Tu avais déjà l’album « Patrón » dans un coin de la tête, ou est-ce que les choses se sont subitement accélérées à l’écoute de ces maquettes ?
J’ai fait écouter les maquettes à quelques amis, dont l’avis compte beaucoup pour moi. Ils ont aimé. Certains m’ont même dit que c’était ce que j’avais écrit de meilleur jusque-là. Ça m’a motivé et convaincu qu’il fallait mettre ces titres au propre au plus vite. C’était l’occasion ou jamais de monter ce nouveau projet qui me trottait dans la tête depuis si longtemps. J’ai envoyé les tracks à Alain Johannes pour voir si ça l’intéressait de produire l’album. Il avait déjà produit le dernier album de Loading Data. Ça lui a plu. On a pris date. Je me suis envolé pour L.A avec Aurélien Barbolosi (guitariste, bassiste, batteur et que sais-je encore…), un copain de longue date, membre entre autres d’Aston Villa et 99LBS, et Thomas Bihoré, un pote vidéaste qui suit Loading Data depuis des années.

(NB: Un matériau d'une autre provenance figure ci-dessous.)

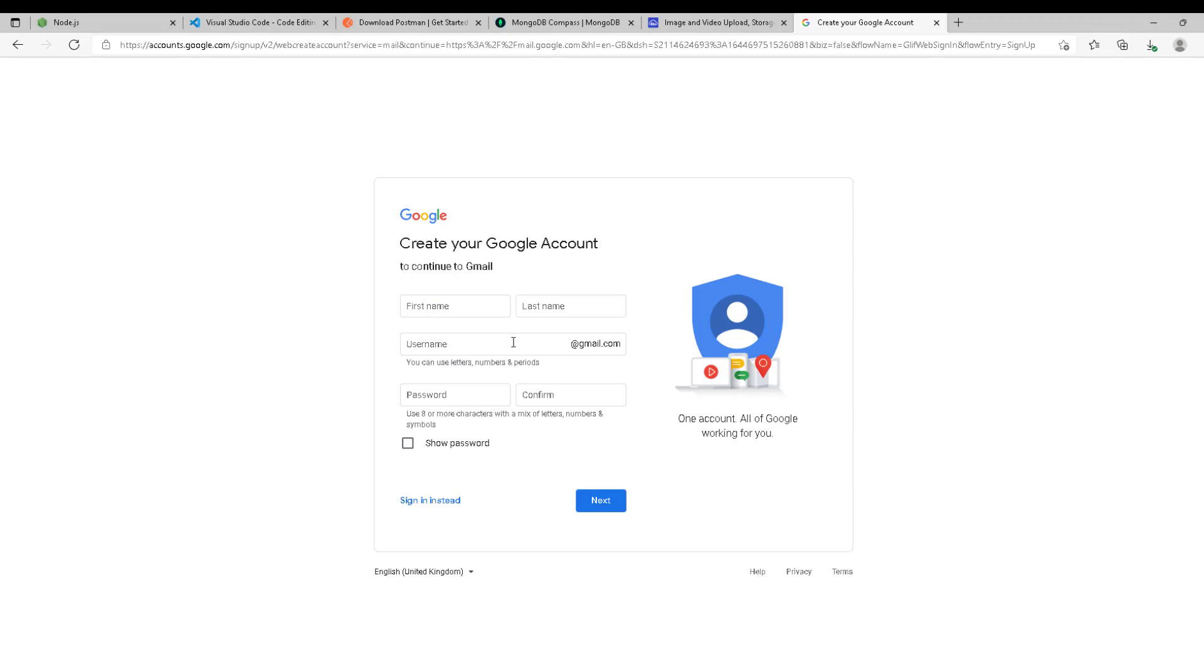We're going to use this Gmail account to send emails, verification codes, and reset password codes. For example, if my application is called Facebook, I'm going to make sure the username is related to Facebook. Depending on what your application is, make sure the username is related to it so it looks more professional and more convincing.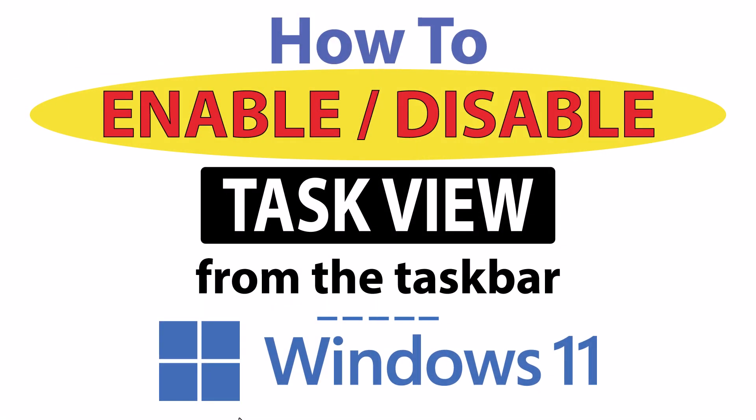This is a video tutorial on how to enable or disable the task view from the taskbar in Windows 11.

Tu as dit avoir fait appel à quelques amis pour t’accompagner sur l’album. Des amis comme Joey Castillo, Nick Oliveri, Barrett Martin, Aurélien Barbolosi et bien d’autres doit être très motivant, non ?
Quand j’ai pris l’avion pour Los Angeles, je savais seulement que je partais pour 2 mois. Je ne savais pas précisément comment ça allait se goupiller. J’avais confié à Alain la tâche de tout gérer. Avec lui, c’est toujours très relax. On savait qui allait venir jouer sur l’album, mais pas dans quel ordre. Finalement, le premier jour c’est Barrett Martin qui est apparu. Barrett est un batteur que j’affectionne tout particulièrement depuis mon adolescence. Je l’avais découvert grâce à l’album Above de Mad Season sur lequel il jouait aux côtés de Layne Staley d’Alice in Chains, Mark Lanegan des Screaming Trees, Mike McCready de Pearl Jam pour ne citer que les plus connus. C’était aussi le batteur des Screaming Trees. J’avais eu l’occasion de rencontrer Barrett lors d’un festival du côté de Joshua Tree, dans le désert californien, alors qu’il jouait avec les Mojave Lords, groupe de Dave Catching. On avait sympathisé et j’avais émis l’idée de l’avoir en guest sur un prochain album. Un an plus tard il débarquait chez Alain à Los Angeles pour enregistrer avec nous. Alain à la basse, Aurélien à la guitare, Barrett derrière la batterie et moi au chant. Nick et Joey ont enchaîné derrière.
Nick, je le connais depuis 20 ans et il avait déjà chanté et joué pour le dernier album de Loading Data, « Double Disco Animal Style ». Joey, on s’est croisé un paquet de fois. Il aimait beaucoup le dernier album de Loading, mais on n’avait jamais eu l’occasion de jouer ensemble. Je n’ai pas été déçu. Barrett et lui ont des jeux très différents. Barrett joue tout au fond du temps, un peu à la Bonham, tandis que Joey, c’est le click qui lui court après.
Tout s’est super bien passé, très détendu, bon enfant… On s’est bien marré. On a enregistré une quinzaine de titres au total, mais on n’a gardé que 11 titres pour l’album. Je me suis retrouvé comme un chef d’orchestre, à « diriger » tout ce petit monde au mieux, sous l’œil avisé d’Alain. C’était intimidant, mais aussi très grisant.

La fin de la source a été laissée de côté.